*** THE DATA ***
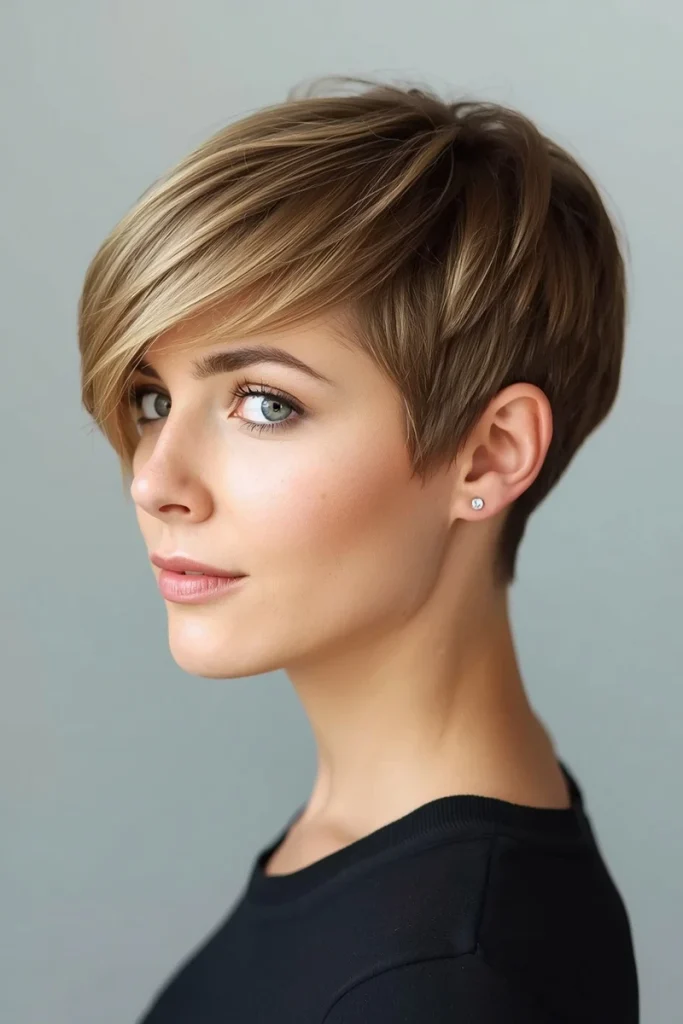 Pixie haircut with longer length on top falling toward the temple, three-quarter front view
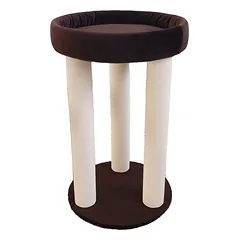 Tvirta, medinė draskyklė su trimis stulpais ir guoliu, 82cm (pasirenkama spalva, virvė)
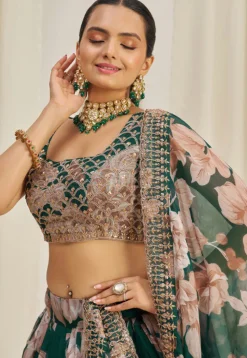 Digital Printed Organza Lehenga in Teal Green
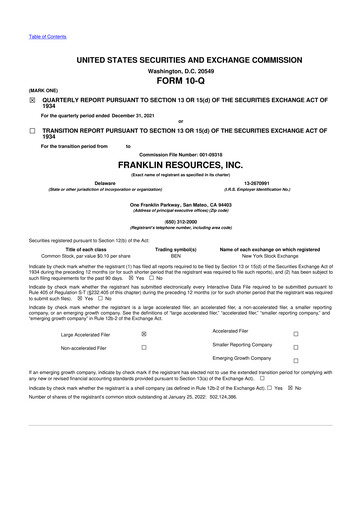 Miniature Franklin Resources 10-Q Rapport trimestriel 2022 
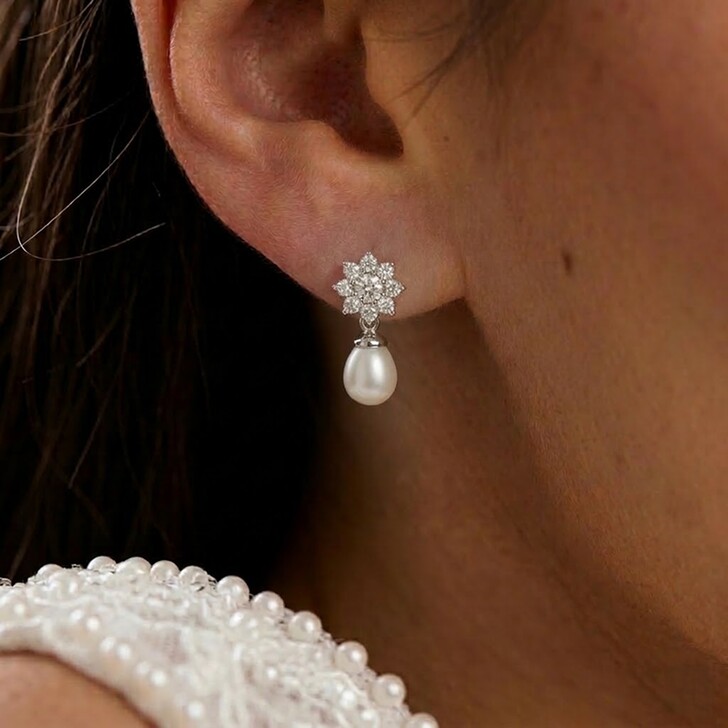 Darcey Floral Cubic Zirconia and Pearl Bridal Earrings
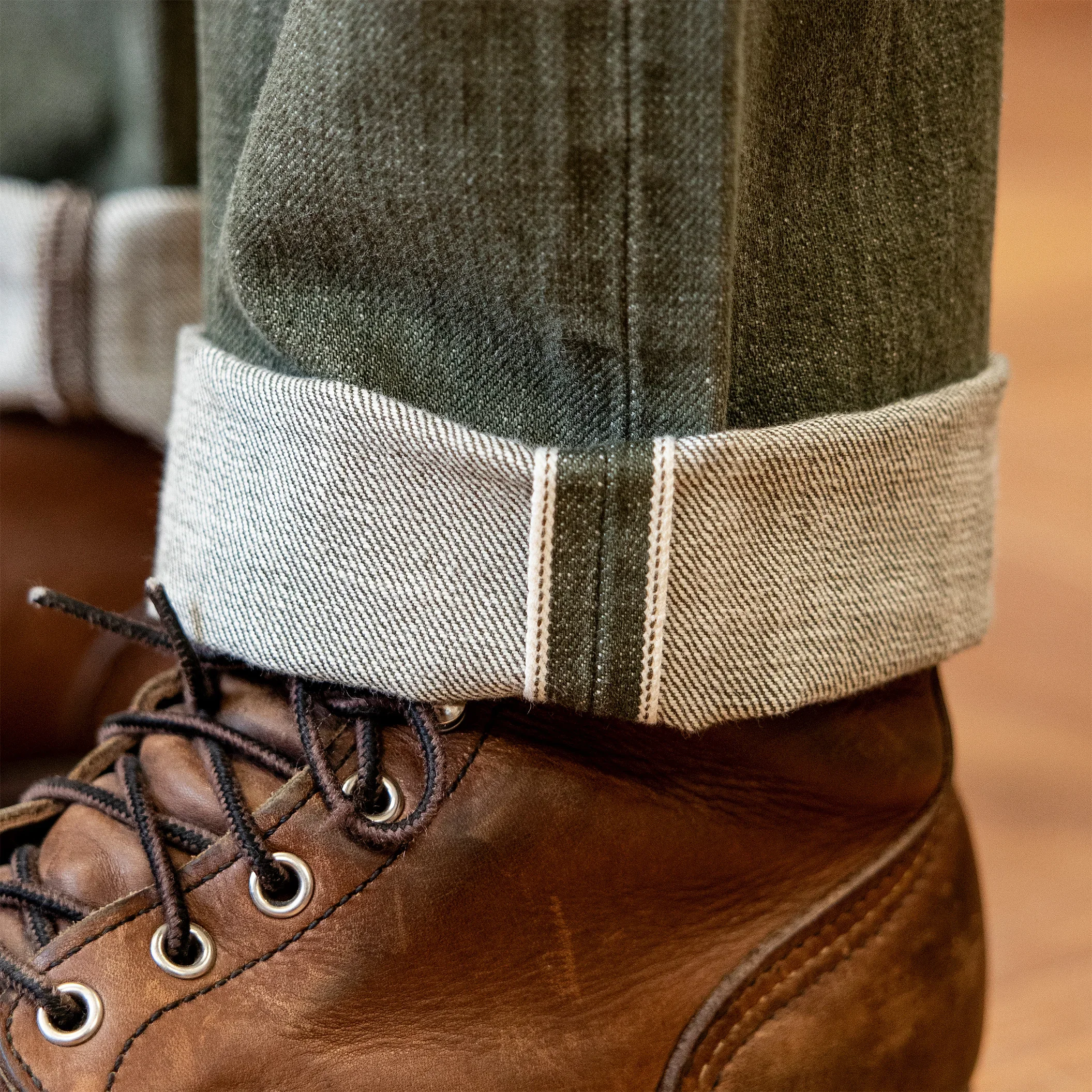 RT-511 Тяжелые брюки Indigo Selvage потертые 14 унций санфоризованные толстые джинсовые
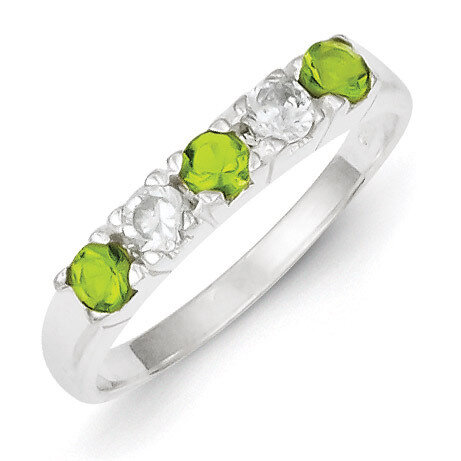 Lime Green & White Diamond Ring Sterling Silver QR4364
***
> _PROBLEM STATEMENT_
Return every entry above exactly as written, with no pictures included.

> _RESPONSE_
 Pixie haircut with longer length on top falling toward the temple, three-quarter front view
 Tvirta, medinė draskyklė su trimis stulpais ir guoliu, 82cm (pasirenkama spalva, virvė)
 Digital Printed Organza Lehenga in Teal Green
 Miniature Franklin Resources 10-Q Rapport trimestriel 2022 
 Darcey Floral Cubic Zirconia and Pearl Bridal Earrings
 RT-511 Тяжелые брюки Indigo Selvage потертые 14 унций санфоризованные толстые джинсовые
 Lime Green & White Diamond Ring Sterling Silver QR4364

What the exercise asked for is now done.